Short text fragments from websites:
- - -
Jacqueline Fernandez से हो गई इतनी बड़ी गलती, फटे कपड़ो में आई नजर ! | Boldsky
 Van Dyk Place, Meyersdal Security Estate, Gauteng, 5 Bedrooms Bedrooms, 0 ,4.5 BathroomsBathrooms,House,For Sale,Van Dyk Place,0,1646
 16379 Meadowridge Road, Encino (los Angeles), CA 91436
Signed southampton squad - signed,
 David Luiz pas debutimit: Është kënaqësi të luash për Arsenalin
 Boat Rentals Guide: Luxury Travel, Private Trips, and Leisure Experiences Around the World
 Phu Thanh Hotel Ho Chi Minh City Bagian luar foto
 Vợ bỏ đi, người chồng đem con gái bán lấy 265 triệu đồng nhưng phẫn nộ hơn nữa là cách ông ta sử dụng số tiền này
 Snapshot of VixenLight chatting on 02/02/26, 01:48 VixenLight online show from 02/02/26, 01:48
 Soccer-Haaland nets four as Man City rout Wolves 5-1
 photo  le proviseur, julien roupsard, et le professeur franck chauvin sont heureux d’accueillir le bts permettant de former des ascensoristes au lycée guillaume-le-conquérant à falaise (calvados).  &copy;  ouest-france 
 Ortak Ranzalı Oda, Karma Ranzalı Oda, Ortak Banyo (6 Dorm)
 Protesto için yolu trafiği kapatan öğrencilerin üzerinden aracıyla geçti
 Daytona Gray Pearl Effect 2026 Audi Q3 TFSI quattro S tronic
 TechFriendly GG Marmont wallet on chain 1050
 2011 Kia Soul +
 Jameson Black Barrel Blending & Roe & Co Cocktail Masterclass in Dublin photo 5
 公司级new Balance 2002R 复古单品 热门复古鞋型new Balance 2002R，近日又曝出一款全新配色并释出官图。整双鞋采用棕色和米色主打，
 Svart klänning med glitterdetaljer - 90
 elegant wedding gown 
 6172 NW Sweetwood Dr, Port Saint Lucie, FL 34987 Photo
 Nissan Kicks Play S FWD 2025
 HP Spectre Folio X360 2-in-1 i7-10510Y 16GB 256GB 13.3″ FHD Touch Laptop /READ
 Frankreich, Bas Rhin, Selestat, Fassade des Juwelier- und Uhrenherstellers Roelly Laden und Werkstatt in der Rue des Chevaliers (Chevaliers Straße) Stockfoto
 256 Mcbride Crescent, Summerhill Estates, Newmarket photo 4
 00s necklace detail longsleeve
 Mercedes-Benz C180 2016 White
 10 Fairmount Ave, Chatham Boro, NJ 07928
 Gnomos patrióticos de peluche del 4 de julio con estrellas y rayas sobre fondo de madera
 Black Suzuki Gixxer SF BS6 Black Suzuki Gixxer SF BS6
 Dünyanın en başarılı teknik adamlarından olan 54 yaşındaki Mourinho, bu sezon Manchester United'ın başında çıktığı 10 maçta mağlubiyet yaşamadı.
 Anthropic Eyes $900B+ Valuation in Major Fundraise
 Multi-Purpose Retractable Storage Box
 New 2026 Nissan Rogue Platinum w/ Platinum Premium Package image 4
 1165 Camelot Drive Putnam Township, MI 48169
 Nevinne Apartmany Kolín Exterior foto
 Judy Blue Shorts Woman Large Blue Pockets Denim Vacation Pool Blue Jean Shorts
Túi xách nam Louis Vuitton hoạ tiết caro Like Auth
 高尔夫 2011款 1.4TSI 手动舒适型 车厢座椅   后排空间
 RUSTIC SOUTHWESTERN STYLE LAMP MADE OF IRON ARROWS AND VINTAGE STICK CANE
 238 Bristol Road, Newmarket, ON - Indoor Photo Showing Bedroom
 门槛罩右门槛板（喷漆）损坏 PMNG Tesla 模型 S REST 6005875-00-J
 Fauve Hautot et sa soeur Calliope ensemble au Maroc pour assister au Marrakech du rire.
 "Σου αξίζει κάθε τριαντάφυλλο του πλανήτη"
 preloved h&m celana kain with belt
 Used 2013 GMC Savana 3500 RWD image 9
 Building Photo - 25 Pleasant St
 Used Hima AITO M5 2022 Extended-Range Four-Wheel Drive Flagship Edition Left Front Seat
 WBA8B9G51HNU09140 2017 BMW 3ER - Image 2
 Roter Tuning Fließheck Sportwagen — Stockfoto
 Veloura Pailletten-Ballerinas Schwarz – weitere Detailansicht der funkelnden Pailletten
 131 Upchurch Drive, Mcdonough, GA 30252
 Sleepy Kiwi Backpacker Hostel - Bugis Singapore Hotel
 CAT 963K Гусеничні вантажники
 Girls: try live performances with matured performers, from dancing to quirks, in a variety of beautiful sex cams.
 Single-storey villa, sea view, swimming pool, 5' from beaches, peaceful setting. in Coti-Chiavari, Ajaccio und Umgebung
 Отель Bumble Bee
- - -
**REQUIRED WORK**
All of the entries need to be reproduced exactly; please write them out.

**ANSWER TO THIS EXERCISE**
Jacqueline Fernandez से हो गई इतनी बड़ी गलती, फटे कपड़ो में आई नजर ! | Boldsky
 Van Dyk Place, Meyersdal Security Estate, Gauteng, 5 Bedrooms Bedrooms, 0 ,4.5 BathroomsBathrooms,House,For Sale,Van Dyk Place,0,1646
 16379 Meadowridge Road, Encino (los Angeles), CA 91436
Signed southampton squad - signed,
 David Luiz pas debutimit: Është kënaqësi të luash për Arsenalin
 Boat Rentals Guide: Luxury Travel, Private Trips, and Leisure Experiences Around the World
 Phu Thanh Hotel Ho Chi Minh City Bagian luar foto
 Vợ bỏ đi, người chồng đem con gái bán lấy 265 triệu đồng nhưng phẫn nộ hơn nữa là cách ông ta sử dụng số tiền này
 Snapshot of VixenLight chatting on 02/02/26, 01:48 VixenLight online show from 02/02/26, 01:48
 Soccer-Haaland nets four as Man City rout Wolves 5-1
 photo  le proviseur, julien roupsard, et le professeur franck chauvin sont heureux d’accueillir le bts permettant de former des ascensoristes au lycée guillaume-le-conquérant à falaise (calvados).  &copy;  ouest-france 
 Ortak Ranzalı Oda, Karma Ranzalı Oda, Ortak Banyo (6 Dorm)
 Protesto için yolu trafiği kapatan öğrencilerin üzerinden aracıyla geçti
 Daytona Gray Pearl Effect 2026 Audi Q3 TFSI quattro S tronic
 TechFriendly GG Marmont wallet on chain 1050
 2011 Kia Soul +
 Jameson Black Barrel Blending & Roe & Co Cocktail Masterclass in Dublin photo 5
 公司级new Balance 2002R 复古单品 热门复古鞋型new Balance 2002R，近日又曝出一款全新配色并释出官图。整双鞋采用棕色和米色主打，
 Svart klänning med glitterdetaljer - 90
 elegant wedding gown 
 6172 NW Sweetwood Dr, Port Saint Lucie, FL 34987 Photo
 Nissan Kicks Play S FWD 2025
 HP Spectre Folio X360 2-in-1 i7-10510Y 16GB 256GB 13.3″ FHD Touch Laptop /READ
 Frankreich, Bas Rhin, Selestat, Fassade des Juwelier- und Uhrenherstellers Roelly Laden und Werkstatt in der Rue des Chevaliers (Chevaliers Straße) Stockfoto
 256 Mcbride Crescent, Summerhill Estates, Newmarket photo 4
 00s necklace detail longsleeve
 Mercedes-Benz C180 2016 White
 10 Fairmount Ave, Chatham Boro, NJ 07928
 Gnomos patrióticos de peluche del 4 de julio con estrellas y rayas sobre fondo de madera
 Black Suzuki Gixxer SF BS6 Black Suzuki Gixxer SF BS6
 Dünyanın en başarılı teknik adamlarından olan 54 yaşındaki Mourinho, bu sezon Manchester United'ın başında çıktığı 10 maçta mağlubiyet yaşamadı.
 Anthropic Eyes $900B+ Valuation in Major Fundraise
 Multi-Purpose Retractable Storage Box
 New 2026 Nissan Rogue Platinum w/ Platinum Premium Package image 4
 1165 Camelot Drive Putnam Township, MI 48169
 Nevinne Apartmany Kolín Exterior foto
 Judy Blue Shorts Woman Large Blue Pockets Denim Vacation Pool Blue Jean Shorts
Túi xách nam Louis Vuitton hoạ tiết caro Like Auth
 高尔夫 2011款 1.4TSI 手动舒适型 车厢座椅   后排空间
 RUSTIC SOUTHWESTERN STYLE LAMP MADE OF IRON ARROWS AND VINTAGE STICK CANE
 238 Bristol Road, Newmarket, ON - Indoor Photo Showing Bedroom
 门槛罩右门槛板（喷漆）损坏 PMNG Tesla 模型 S REST 6005875-00-J
 Fauve Hautot et sa soeur Calliope ensemble au Maroc pour assister au Marrakech du rire.
 "Σου αξίζει κάθε τριαντάφυλλο του πλανήτη"
 preloved h&m celana kain with belt
 Used 2013 GMC Savana 3500 RWD image 9
 Building Photo - 25 Pleasant St
 Used Hima AITO M5 2022 Extended-Range Four-Wheel Drive Flagship Edition Left Front Seat
 WBA8B9G51HNU09140 2017 BMW 3ER - Image 2
 Roter Tuning Fließheck Sportwagen — Stockfoto
 Veloura Pailletten-Ballerinas Schwarz – weitere Detailansicht der funkelnden Pailletten
 131 Upchurch Drive, Mcdonough, GA 30252
 Sleepy Kiwi Backpacker Hostel - Bugis Singapore Hotel
 CAT 963K Гусеничні вантажники
 Girls: try live performances with matured performers, from dancing to quirks, in a variety of beautiful sex cams.
 Single-storey villa, sea view, swimming pool, 5' from beaches, peaceful setting. in Coti-Chiavari, Ajaccio und Umgebung
 Отель Bumble Bee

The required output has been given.